Each year, thousands of accident and trauma victims die on the way to the nearest emergency room. Most ambulances don't carry blood on board because of storage and temperature concerns. So the patient can lose a lot of blood during that ride to the hospital, which can trigger a drop in blood pressure and blood loss to vital organs and that can lead to organ failure and eventually death. So here's what's new. Some ambulances have been taking part in a nationwide study for a year now carrying a blood product called Polyheme on board, which is an oxygen carrying blood substitute made from human blood.
"Because it has hemoglobin in it, it allows hemoglobin to carry oxygen, just like your own blood does. This current product does not seem to have any risk at all, and it's been studied in over hundreds of patients, so we think it's a very safe product," says Dr. David Hoyt, a trauma surgeon at the University of California at San Diego.
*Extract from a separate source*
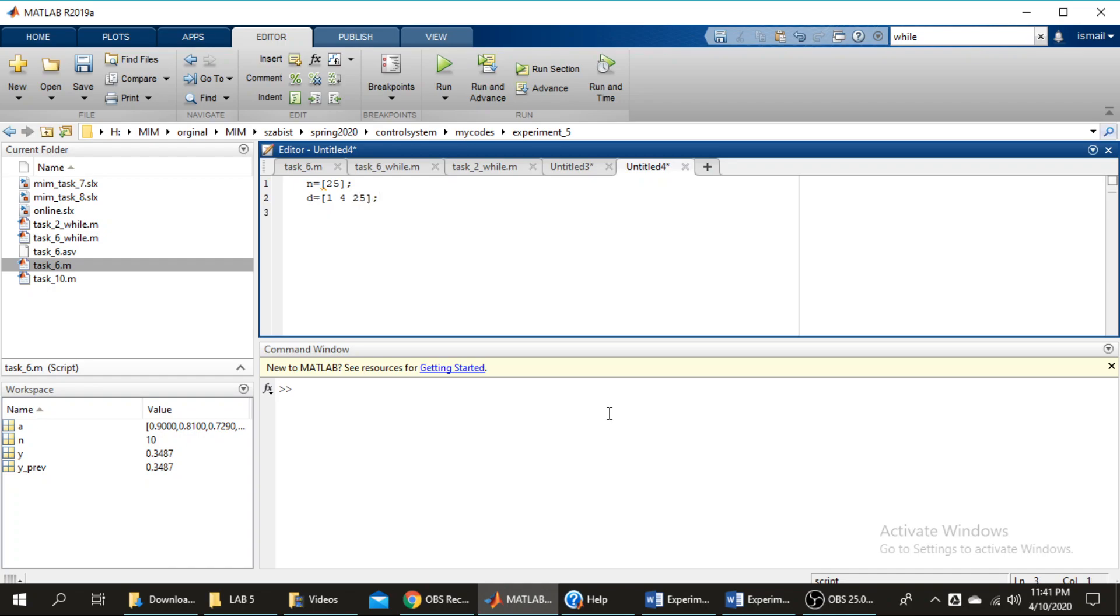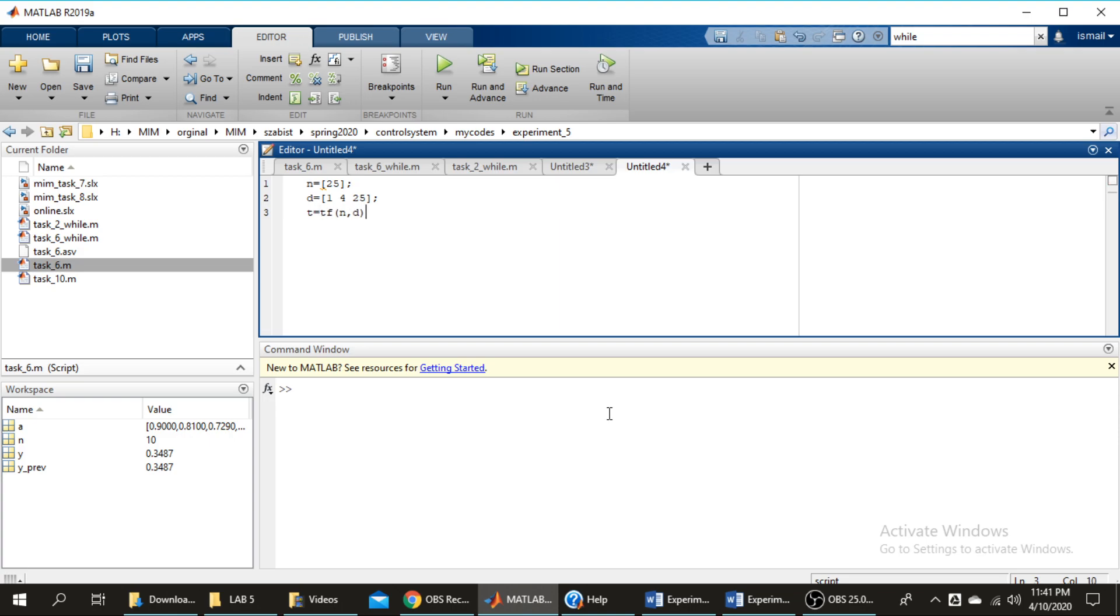Okay, now we will create the transfer function, so we will use the command transfer function n, d and I will save it in a variable, let's say tf. Let's run it. We will see the transfer function, whether it is correct or not.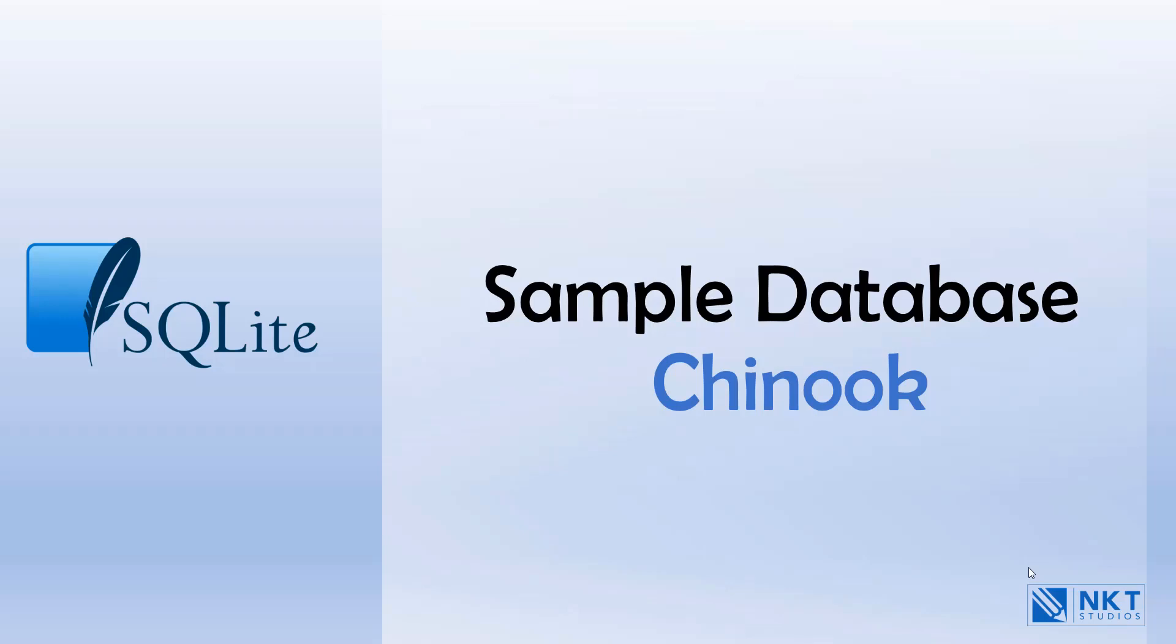Hello and welcome. In this lesson, we will introduce you to a SQLite sample database. We will provide you with the resources to download the sample database as well as a diagram which shows the database schema. You can then use the diagram for reference purposes.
Dr. Hoyt says Polyheme is basically blood that's been purified to its simplest form and it's chemically modified so that it can be used in people of all blood types without the fear of mixing blood types. Another advantage is regular blood has a shelf life of about 42 days, but Polyheme can last up to 12 months. It is still considered experimental though. In fact, in the cities where it is being tested, patients have the option of wearing a wristband warning paramedics if they do not want Polyheme in an emergency. It's interesting to note that in this first year of study, 75 percent of the patients who were given Polyheme on the way to the hospital survived at least a month after their emergency compared to just a 35 percent survival rate in the group that chose not to get that blood substitute. Here in Lubbock, Les Long at United Blood Services says Polyheme is not used in Lubbock yet because it's just so expensive right now, but he says it is being tested in Dallas.